Once inside, he began gunning down victims. By the time he'd turned the rifle on himself less than five minutes later, he'd taken 26 lives.
It's not the number of fatalities that made the story so noteworthy, says Schechter. It's that 20 of his victims were children, ages 6 and 7.
"Certain crimes activate these really infantile [feelings] that are still part of our adult psyches," Schechter says. "With mass murderers, there's a way that it turns us into children again…there's a monster on the loose. Adam Lanza fits that."
2013: The Boston Marathon Bombing
In Boston, Massachusetts, the marathon is usually a rite of spring. But on April 15, 2013, it became the setting for the city's greatest act of terrorism. The Tsarnaev brothers, Tamerlan and Dzhokhar (26 and 19, respectively), exploded two pressure cookers near the race's finish line, killing three people and injuring several others.
The brothers were Chechen refugees, motivated by radical Islamist beliefs.
In the days that followed, they shot and killed a police officer at the Massachusetts Institute of Technology, and carjacked a Mercedes.

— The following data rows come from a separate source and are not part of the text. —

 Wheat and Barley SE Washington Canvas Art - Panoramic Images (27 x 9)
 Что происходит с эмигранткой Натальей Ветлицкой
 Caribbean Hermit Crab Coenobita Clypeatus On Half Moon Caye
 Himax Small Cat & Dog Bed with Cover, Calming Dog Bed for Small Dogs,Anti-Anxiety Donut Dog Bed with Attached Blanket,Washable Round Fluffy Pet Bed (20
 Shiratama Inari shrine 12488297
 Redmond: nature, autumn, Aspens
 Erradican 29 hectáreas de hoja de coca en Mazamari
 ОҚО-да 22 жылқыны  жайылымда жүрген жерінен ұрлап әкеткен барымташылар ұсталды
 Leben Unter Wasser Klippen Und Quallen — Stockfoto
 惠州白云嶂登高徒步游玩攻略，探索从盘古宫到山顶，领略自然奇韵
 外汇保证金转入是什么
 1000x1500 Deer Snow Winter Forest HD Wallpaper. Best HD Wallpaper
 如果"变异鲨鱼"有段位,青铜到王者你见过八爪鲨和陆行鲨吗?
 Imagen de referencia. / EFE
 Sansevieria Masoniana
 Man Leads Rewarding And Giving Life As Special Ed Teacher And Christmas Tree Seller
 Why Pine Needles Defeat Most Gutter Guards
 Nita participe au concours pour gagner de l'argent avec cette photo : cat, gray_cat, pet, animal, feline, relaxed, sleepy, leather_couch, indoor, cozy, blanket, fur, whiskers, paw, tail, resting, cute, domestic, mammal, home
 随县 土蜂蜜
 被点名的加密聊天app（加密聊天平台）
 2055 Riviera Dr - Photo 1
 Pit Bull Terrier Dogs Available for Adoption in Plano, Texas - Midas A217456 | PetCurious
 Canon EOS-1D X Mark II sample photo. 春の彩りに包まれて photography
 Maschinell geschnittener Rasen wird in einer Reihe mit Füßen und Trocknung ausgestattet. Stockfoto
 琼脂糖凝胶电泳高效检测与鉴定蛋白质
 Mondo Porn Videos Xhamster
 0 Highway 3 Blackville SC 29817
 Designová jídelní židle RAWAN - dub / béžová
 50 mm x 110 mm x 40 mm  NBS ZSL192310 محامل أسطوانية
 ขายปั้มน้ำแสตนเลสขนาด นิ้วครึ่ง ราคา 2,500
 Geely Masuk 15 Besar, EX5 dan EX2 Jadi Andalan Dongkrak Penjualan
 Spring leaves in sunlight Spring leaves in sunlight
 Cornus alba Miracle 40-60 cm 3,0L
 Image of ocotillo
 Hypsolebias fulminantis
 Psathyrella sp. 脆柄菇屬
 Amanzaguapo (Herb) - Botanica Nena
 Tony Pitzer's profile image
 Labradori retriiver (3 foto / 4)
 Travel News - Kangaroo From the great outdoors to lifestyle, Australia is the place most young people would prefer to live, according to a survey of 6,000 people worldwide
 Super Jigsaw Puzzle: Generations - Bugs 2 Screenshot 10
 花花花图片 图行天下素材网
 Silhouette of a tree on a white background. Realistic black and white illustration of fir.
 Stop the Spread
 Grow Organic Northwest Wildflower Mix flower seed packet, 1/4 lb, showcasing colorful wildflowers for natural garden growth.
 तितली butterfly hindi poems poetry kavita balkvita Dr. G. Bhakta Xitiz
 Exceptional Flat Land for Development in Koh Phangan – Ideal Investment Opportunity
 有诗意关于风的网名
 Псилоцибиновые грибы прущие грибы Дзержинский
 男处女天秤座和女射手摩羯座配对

The car's owner called 911, which led police to the brothers in the city suburbs, culminating in the story's dramatic finish: a shootout, wherein older brother Tamerlan was killed; and a manhunt that ended with police hauling Dzhokhar, bleeding from multiple gunshot wounds, from a parked boat in a resident's backyard. His pencil-written confession on the inside wall of the boat was partly obscured by blood drippings and bullet holes.
Dzhokhar was sentenced to death.
"There are elements that make it deeply compelling," Schechter says. "Two perpetrators and their relationship. The terrorist motivations. The hunt for them…and what could be more straight out of some amazing thriller than the way the guy was caught?"
2013: The Arrest, Imprisonment and Suicide of Aaron Hernandez
Aaron Hernandez was burgeoning sports royalty, earning a $40 million contract from the New England Patriots at just 22 years of age. But then, just as suddenly, his career came to a halt.
Hernandez was arrested, indicted and convicted for the murder of Odin Lloyd, a semi-professional football player whose body was found in an industrial park near Hernandez's home. The two men had known one another through Hernandez's fiancée, whose sister was dating Lloyd. A concrete, understandable motive for the murder never became clear.
In April 2015, Hernandez was found guilty of murder in the first degree. In April 2017, he committed suicide by hanging himself with his prison-cell bed sheets. Since his death, his family and others have tried to shed light on the chronic traumatic encephalopathy (CTE) Hernandez incurred during his football career and the role it may have played during his crimes.
"It's fascinating as a case, because he was such a celebrity and had so much to lose," says Kevin Flynn, editor at The New York Times and of The New York Times Book of Crime. "You can't imagine someone with so much to lose risking it all."
2017: O.J. Simpson Released on Parole
Hernandez wasn't the only former NFL player whose criminal case made waves in the 2010s. O.J. Simpson also re-emerged in the news.
As the defendant in the 1994 double murder of his ex-wife Nicole Brown Simpson and her friend Ron Goldman, Simpson had played the starring role in what was perhaps the most publicized murder trial in history.
But after being famously acquitted of that crime, Simpson once again fell afoul of the law when he was found guilty of armed robbery for sticking up a memorabilia dealer at the Palace Station Hotel in Las Vegas, for what he claimed was his own sports memorabilia.
In 2017, after serving nine years in prison, Simpson was released on parole.